Il a reçu un ballon dans le demi-cercle australien, l'a contrôlé de la poitrine et l'a catapulté de volée au fond des filets. Fou de joie, il est parti fêter ce but, entouré de ses coéquipiers. Mais en arrivant près de la touche, l'émotion a pris le pas sur l'allégresse et l'homme a éclaté en sanglots. "C'est le but le plus important de ma carrière, je voudrais le dédier à mon père, qui s'est éteint il y a tout juste un mois, à ma mère et à mes frères", expliquait Christian Bolaños, le buteur de la rencontre, peu après la fin du match.
L'action qui a donné la victoire au Monstruo Morado sur le Sydney FC en quarts de finale du Championnat du Monde des Clubs de la FIFA Coupe TOYOTA, Japon 2005 n'était pas anodine. Elle avait même été préméditée la veille au soir entre les deux protagonistes, Randal Azofeifa et Bolaños, qui se connaissent depuis longtemps et qui auraient même inscrit un but similaire dans les équipes de jeunes.
"Hier soir, dans la chambre, je lui avais dit de jouer dans le dos de leur ligne de quatre. Après, j'ai eu le bonheur de réussir mon contrôle et d'envoyer le ballon au fond. On était tous bien soulagés", indique-t-il.
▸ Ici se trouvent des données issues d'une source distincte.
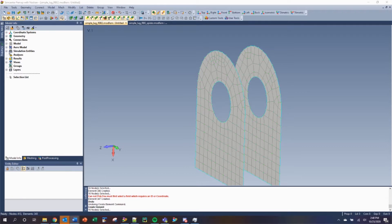In this video, I will demonstrate the various ways in which you can create a rigid body element using Siemens Femap. A rigid body element, or RBE2 for short, is an element that is used to create rigid connections. This is usually done to model fasteners or pins that connect parts together in your FEM.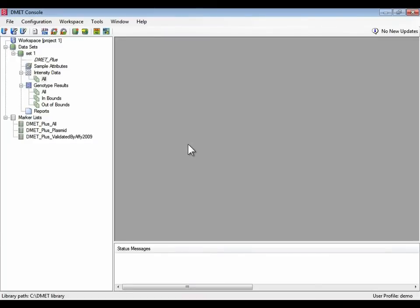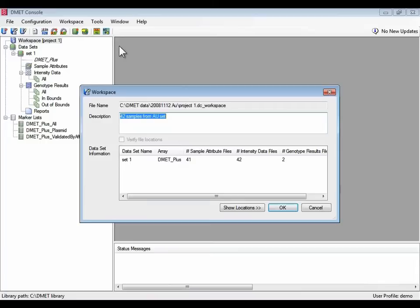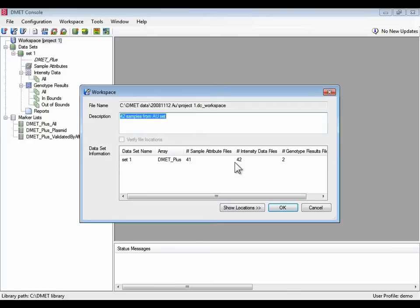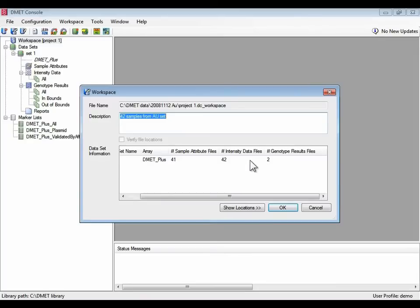First, let's get a picture of what data has and has not been processed. So let's show information on the workspace. There's one data set in this workspace, set one, for which there's 41 sample files, 42 intensity files or cell files, and only two genotype results files.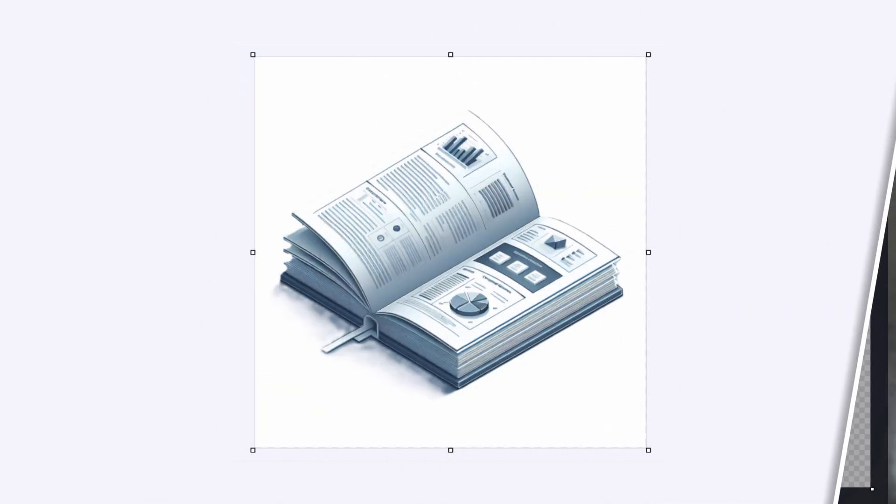All right, so today I'm going to show you how to remove the background of a photo or an image, even an AI rendered image for free in Windows, without installing any apps or uploading your images to a website that you might not trust.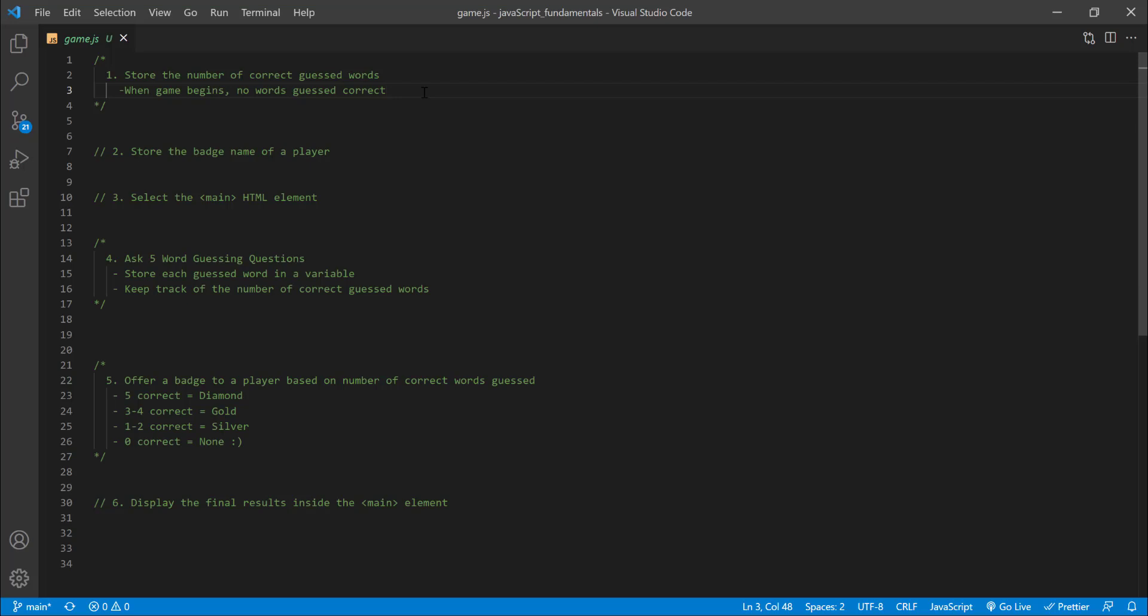So let's go through what you need to do. The game app should ask 5 word guessing questions. You will store the guess to each question in a variable. The game also needs to keep track of the number of words the player guessed correctly using a variable. And there is a hint. You can use the addition assignment operator for this. For example, if a player guessed right, use reassignment to assign the current number of correct guesses plus 1 to the variable you create here in step 1.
Appliquant la philosophie de son entraîneur, Hernán Medford, qui donne la priorité au collectif sur les individualités, Bolaños souligne l'importance de la communication entre les joueurs de l'équipe. "Il faut beaucoup parler avec ses coéquipiers pour mettre en place les actions".
Les plans, c'est très bien, mais il faut également avoir la qualité nécessaire pour conclure les actions. C'est là qu'intervient ce jeune de 21 ans, qui promène son talent depuis déjà cinq saisons dans l'élite du championnat costaricain. "A ce niveau, on sait très bien qu'il n'y a pas de place pour le doute, qu'il faut que les choses soient claires dans la tête. Moi, j'ai réussi à réfléchir très vite et je savais d'emblée que je devais frapper au second poteau". Et c'est là que le ballon a atterri.
"Hernan nous a dit de presser"
Le but est arrivé juste après la pause, après une première période sombre et triste. Il s'est donc passé quelque chose dans les vestiaires. "Je reconnais qu'en première mi-temps, nous n'avons pas été très brillants. Hernán nous a dit qu'il fallait que nous les pressions plus haut, que nous prenions plus notre chance. Il a souligné que dans ces compétitions, le nul ne sert à rien. Mais Sydney a été un adversaire de valeur, ne serait-ce que par son envie de passer."
"Nous savions que dans ces tournois, on ne peut pas trop rater le premier pas et nous avons réussi à bien le négocier. C'était notre premier objectif : désormais, on va prendre les choses comme elles viennent. On ne peut pas s'endormir sur nos lauriers, il faut continuer de travailler", ajoute-t-il.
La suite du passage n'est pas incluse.